Items from a data source:
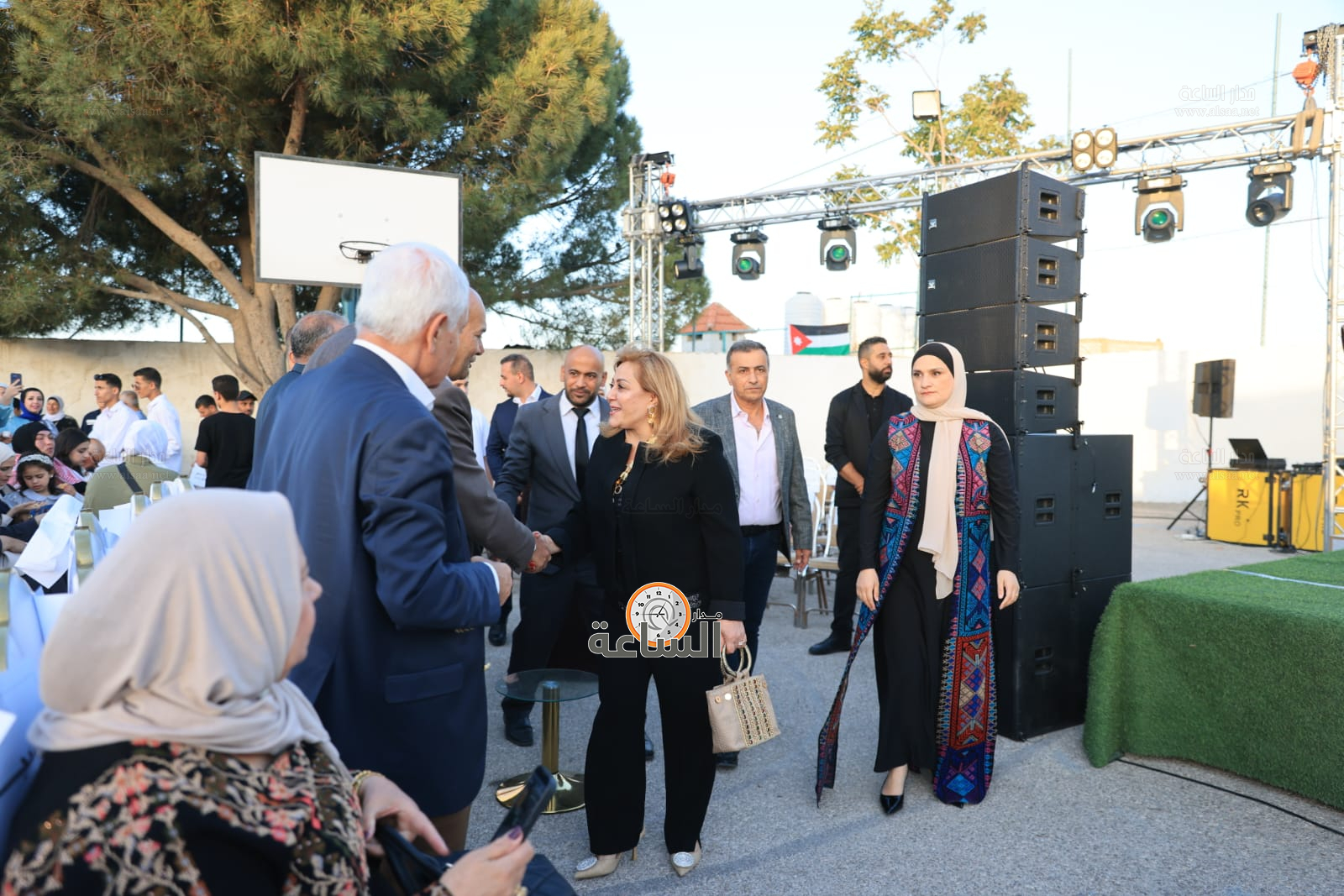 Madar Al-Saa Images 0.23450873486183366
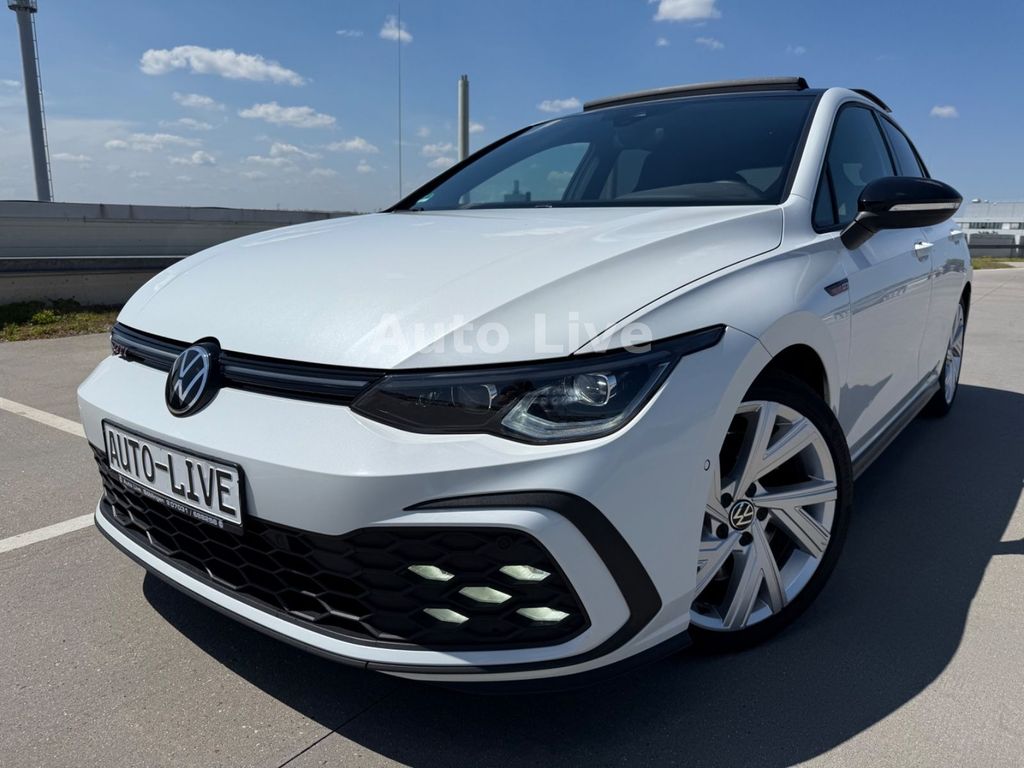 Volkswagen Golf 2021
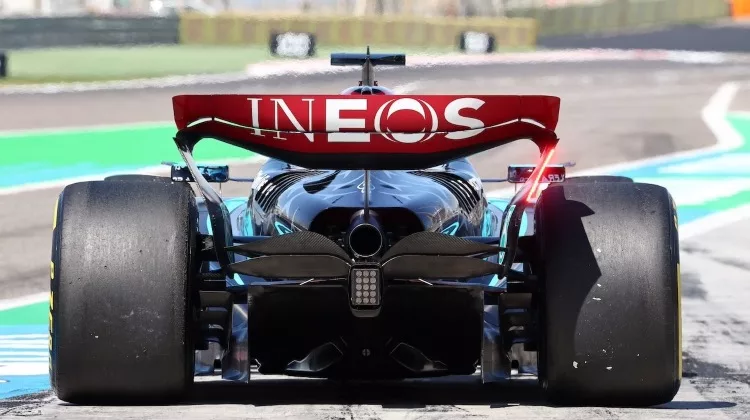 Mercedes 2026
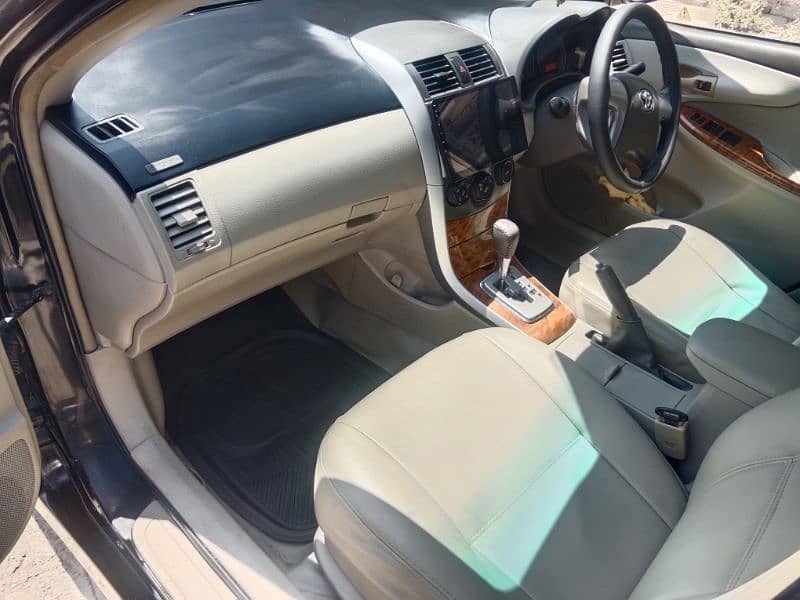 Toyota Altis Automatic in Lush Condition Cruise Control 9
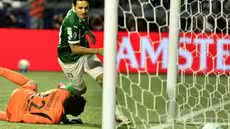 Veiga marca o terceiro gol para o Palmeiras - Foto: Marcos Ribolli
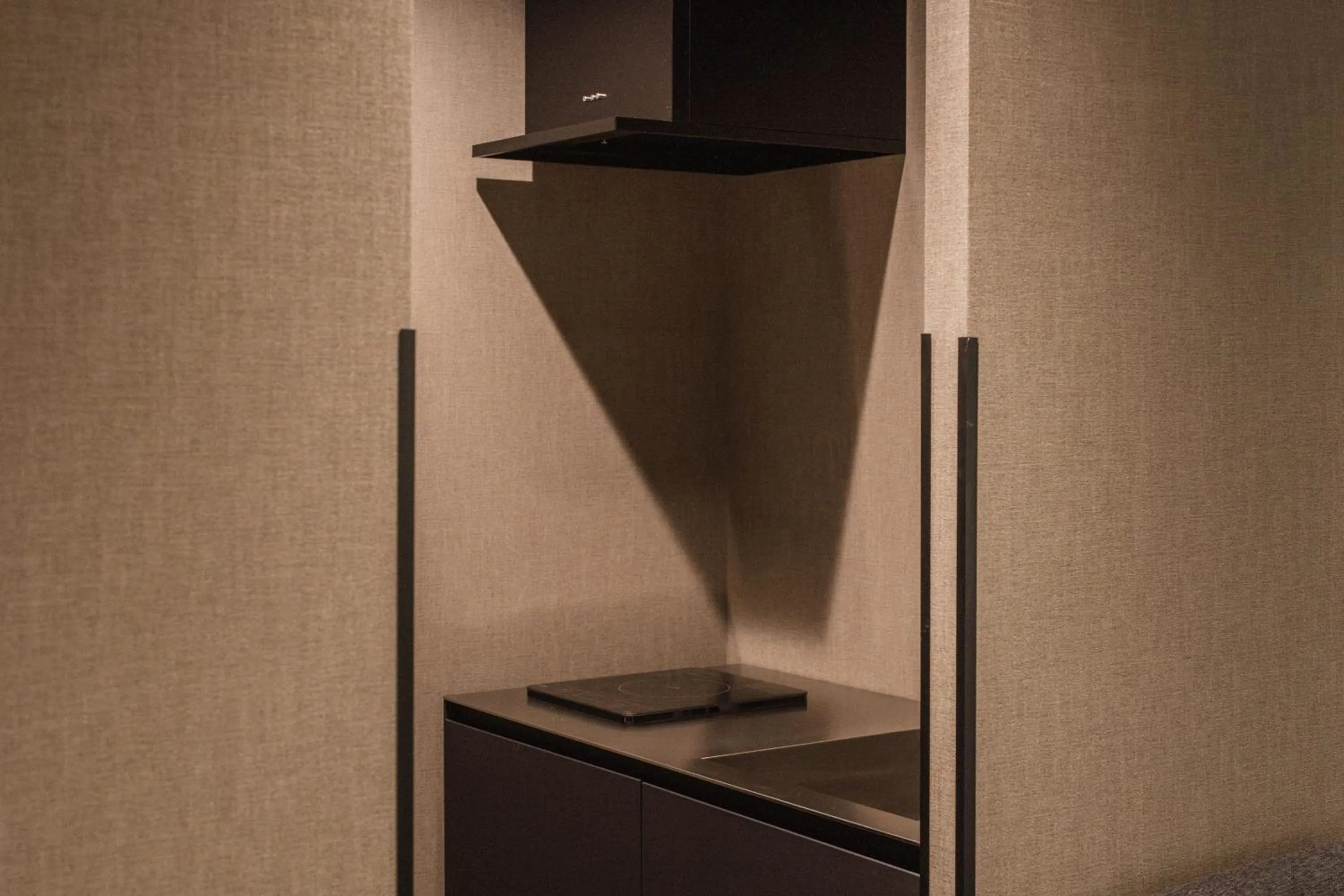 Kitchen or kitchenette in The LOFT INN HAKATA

== YOUR TASK ==
The records above should be repeated exactly, with every picture omitted.

== RESULT FOR THIS EXERCISE ==
 Madar Al-Saa Images 0.23450873486183366
 Volkswagen Golf 2021
 Mercedes 2026
 Toyota Altis Automatic in Lush Condition Cruise Control 9
 Veiga marca o terceiro gol para o Palmeiras - Foto: Marcos Ribolli
 Kitchen or kitchenette in The LOFT INN HAKATA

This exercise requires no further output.